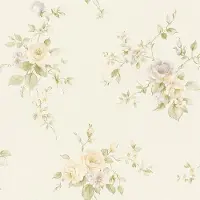 Profhome Bloemen behang 372345-GU vliesbehang licht gestructureerd met bloemen patroon mat crème groen oranje 5,33 m2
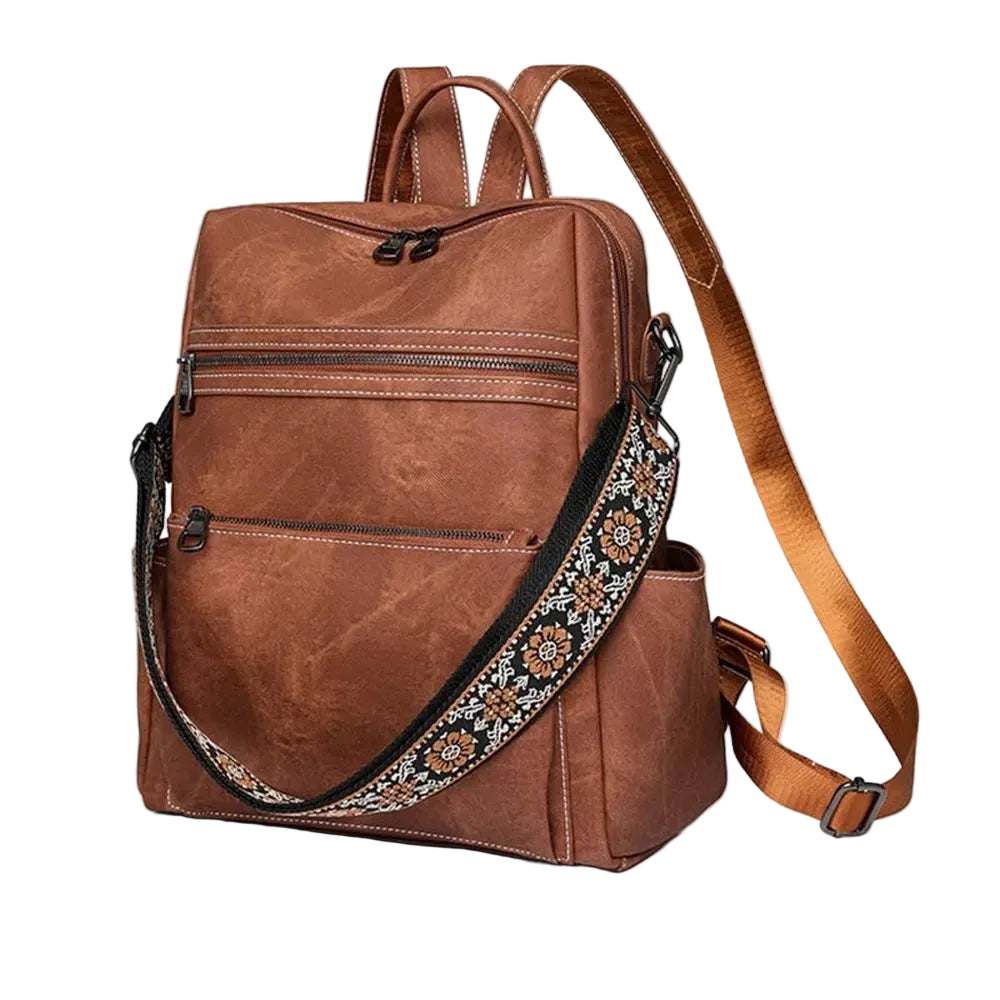 Sac à dos en cuir vintage marron avec plusieurs poches zippées et sangle brodée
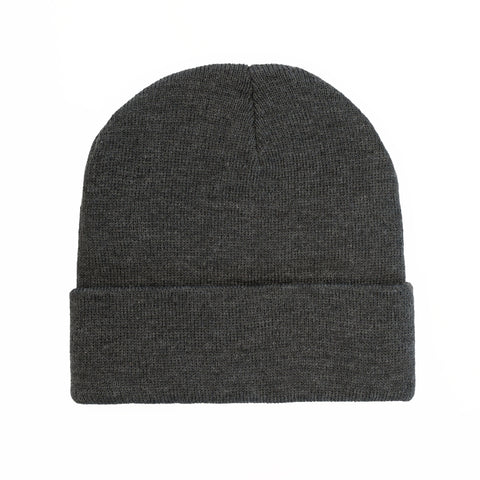 B001 Headwear24 Cuffed Recycled Polyester Knitted Beanie - Charcoal Melange
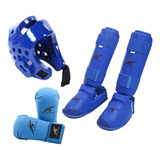 Conjunto De Equipo De Para Karate, Casco De Boxeo, Azul Xs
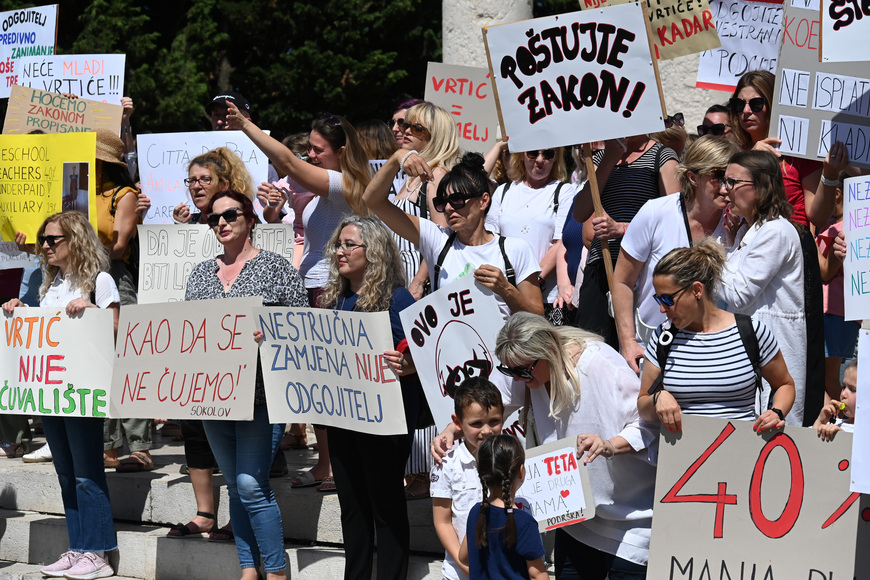 Prosvjed odgojitelja uoči jučerašnje sjednice Gradskog vijeća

- _TASK STATEMENT_
Please copy the data above exactly; the pictures do not belong in the copy.

- _THE ANSWER_
 Profhome Bloemen behang 372345-GU vliesbehang licht gestructureerd met bloemen patroon mat crème groen oranje 5,33 m2
 Sac à dos en cuir vintage marron avec plusieurs poches zippées et sangle brodée
 B001 Headwear24 Cuffed Recycled Polyester Knitted Beanie - Charcoal Melange
 Conjunto De Equipo De Para Karate, Casco De Boxeo, Azul Xs
 Prosvjed odgojitelja uoči jučerašnje sjednice Gradskog vijeća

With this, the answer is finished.